Top of Data excerpts

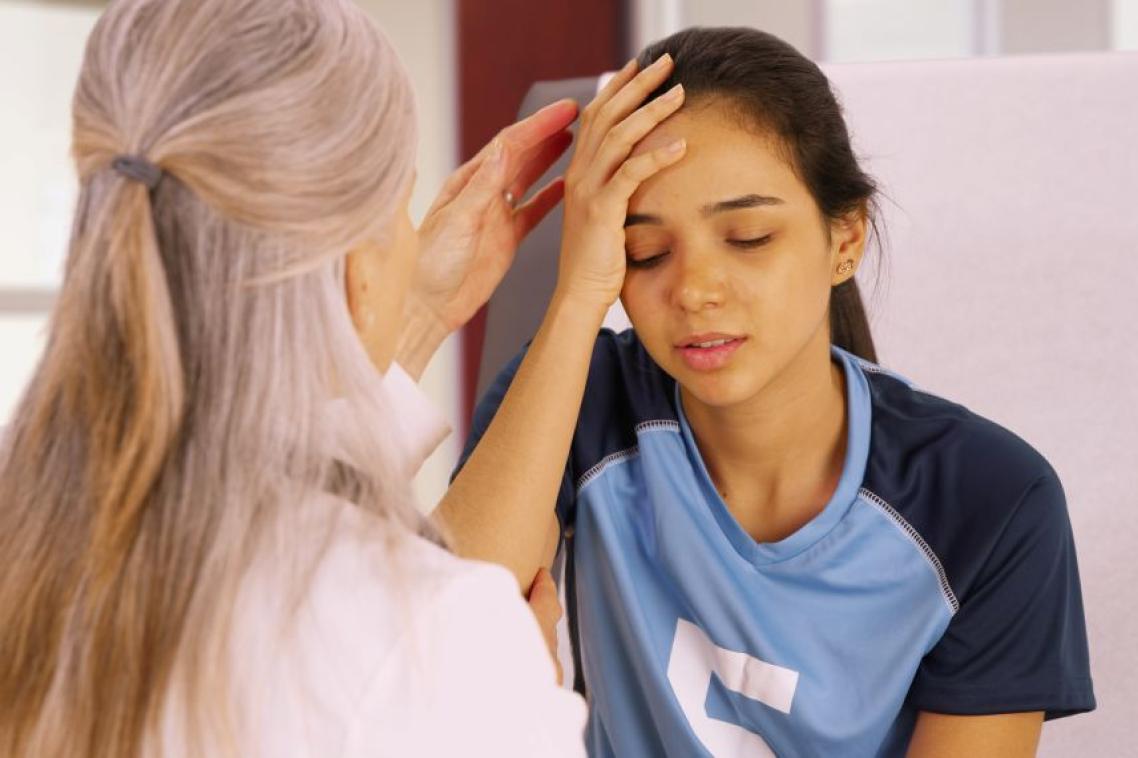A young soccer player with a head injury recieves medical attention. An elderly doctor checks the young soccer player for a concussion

Bottom of Data excerpts
Top of Data excerpts

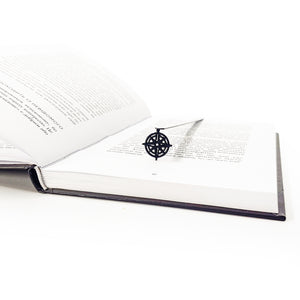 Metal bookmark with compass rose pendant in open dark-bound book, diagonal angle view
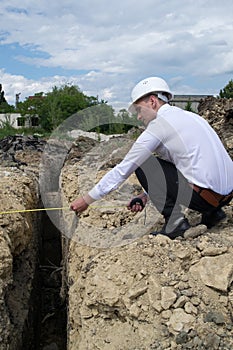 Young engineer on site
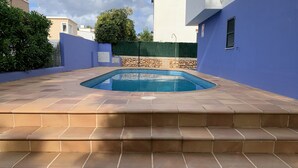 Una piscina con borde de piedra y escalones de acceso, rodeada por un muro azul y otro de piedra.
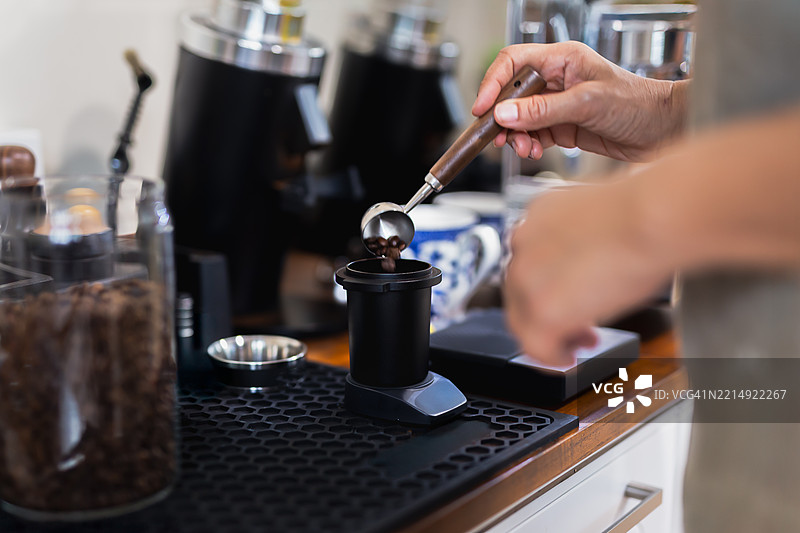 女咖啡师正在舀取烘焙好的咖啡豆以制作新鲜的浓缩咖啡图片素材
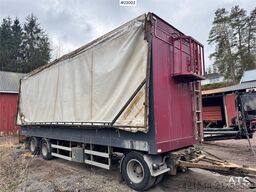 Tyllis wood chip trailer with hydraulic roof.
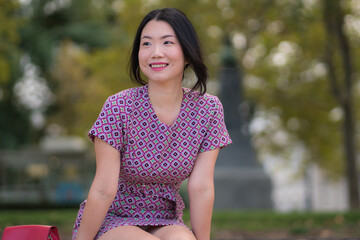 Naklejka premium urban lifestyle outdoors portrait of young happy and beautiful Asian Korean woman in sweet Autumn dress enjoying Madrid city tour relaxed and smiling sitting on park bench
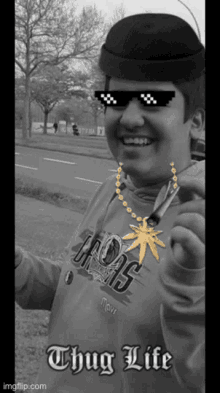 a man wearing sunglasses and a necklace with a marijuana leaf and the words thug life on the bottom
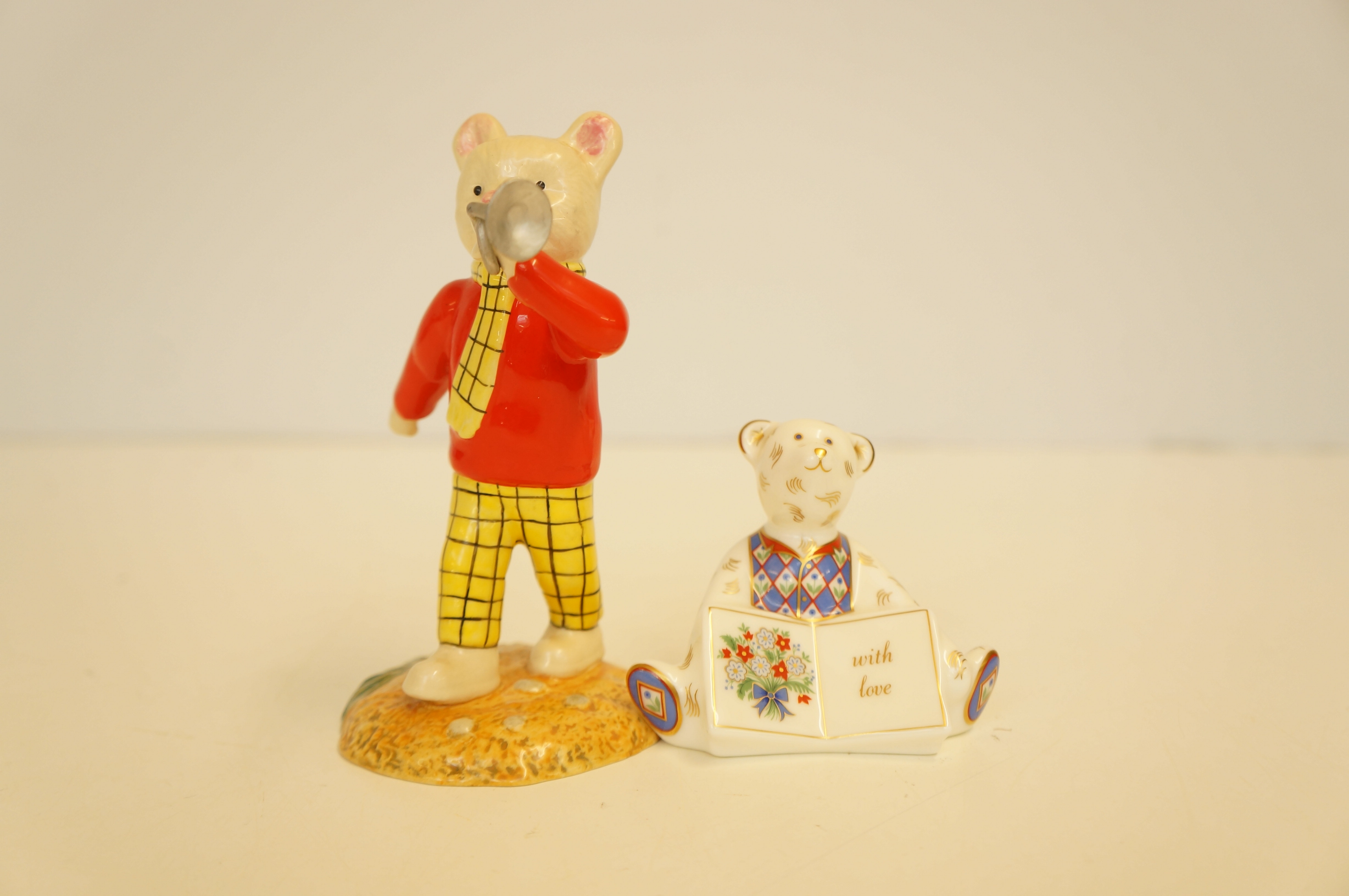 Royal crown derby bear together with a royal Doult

Bottom of Data excerpts

◆ Problem description
Leaving out the pictures, please output the lines in the entries above from the one with "Una piscina con" through the one with "Royal crown derby", exactly as they are.

◆ Result for this exercise
 Una piscina con borde de piedra y escalones de acceso, rodeada por un muro azul y otro de piedra.
 女咖啡师正在舀取烘焙好的咖啡豆以制作新鲜的浓缩咖啡图片素材
 Tyllis wood chip trailer with hydraulic roof.
 Naklejka premium urban lifestyle outdoors portrait of young happy and beautiful Asian Korean woman in sweet Autumn dress enjoying Madrid city tour relaxed and smiling sitting on park bench
 a man wearing sunglasses and a necklace with a marijuana leaf and the words thug life on the bottom
 Royal crown derby bear together with a royal Doult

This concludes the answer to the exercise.